Yes, it is possible to come up with another set of populist slogans, use the state system and win a second term but the effects of populism will haunt the American society for a long time to come.

This Mr. President, you should avoid. The second way is that populist promises tend to lead to discrimination of others by advantaging Americans. This as a policy is bad in a free world, especially that America boasts as a leader of the free world. Discriminatory practices, whether racial, sex, religious, cultural or linguistic are bad and not needed in our ever growing globalized world.

History is full of evidence of horrendous, barbaric, inhuman killing of people based on discrimination of one form or another. Most genocides tend to emanate from discrimination. Nazi German ended up with the Holocaust. In Africa, in 1994, in Rwanda, we had that experience based on tribal discrimination. Even on jobs, we have witnessed xenophobic attacks in South Africa where Africans coming from other African countries have been attacked.

Mr. President, discrimination in whatever form is not the right thing to do. It is not Presidential-it is not correct for any president to discriminate, using words or actions because that belongs to the politics of the distant past when human rights and justice where left in the hands of a single king, Monarch or dictator. None of these titles carry the primitive barbaric acts they used to be associated with.

Mr. President, you can and should avoid the tragedy that comes with discriminatory politics. Do not discriminate against others, lest they retaliate and we put the world on a collision path. Practically all wars tend to originate from the discriminatory acts.

The results have been disastrous. Mr. President, it is not long ago that a female Mayor of a small town in the USA resigned after making discriminatory remarks against the immediate past First Lady, Michelle Obama that ‘she was tired of seeing a monkey in high heeled shoes at White House’. The Obamas consigned that discriminatory remark to the dustbin of nonsense where it rightly belongs.

At this age and era, any person who cherishes a public office cannot afford discrimination in either words or actions. The mayor resigned because such words are not worthy in leadership. President Obama had to simply ignore a lot of racial remarks in in the US itself and outside the US.

The Philippines President Deurte literally insulted President Obama using racial discriminatory words when President was in that part of the world just before leaving office. Again, President Obama’s reaction was the correct reaction for a public leader. I do not know the political history of the President of the Philippines but such a remark stinks of political thuggery and hooliganism.

Mr. President, American people are all over the world, working, some are volunteers, others are providing expertise yet others are learning and touring.
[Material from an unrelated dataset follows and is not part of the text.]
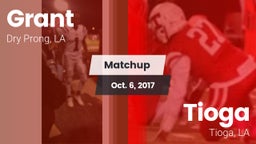 Matchup: Grant  vs. Tioga  2017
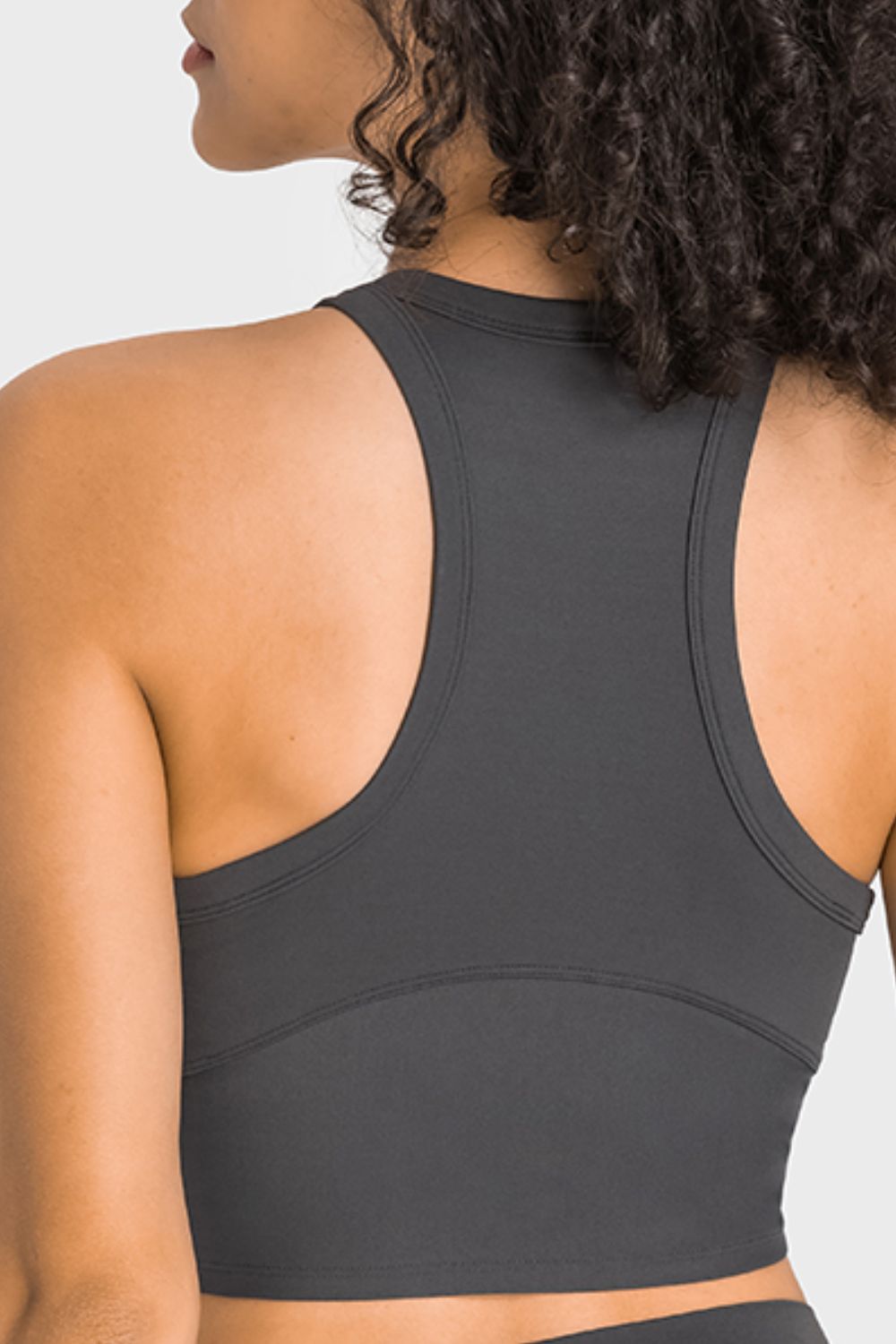 Racerback Cropped Sports Tank for Yoga and Everyday Style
We do not want to discriminate against them. We want to work with them, do business with them in a fair way, to both them and us.

We should work as a people together without those emotive discriminatory prejudices that are divisive to humanity. Mr. President, yes, you have triumphed as the Economist Magazine predicted but you should avoid a US tragedy by doing the right things that a president should do in the White House.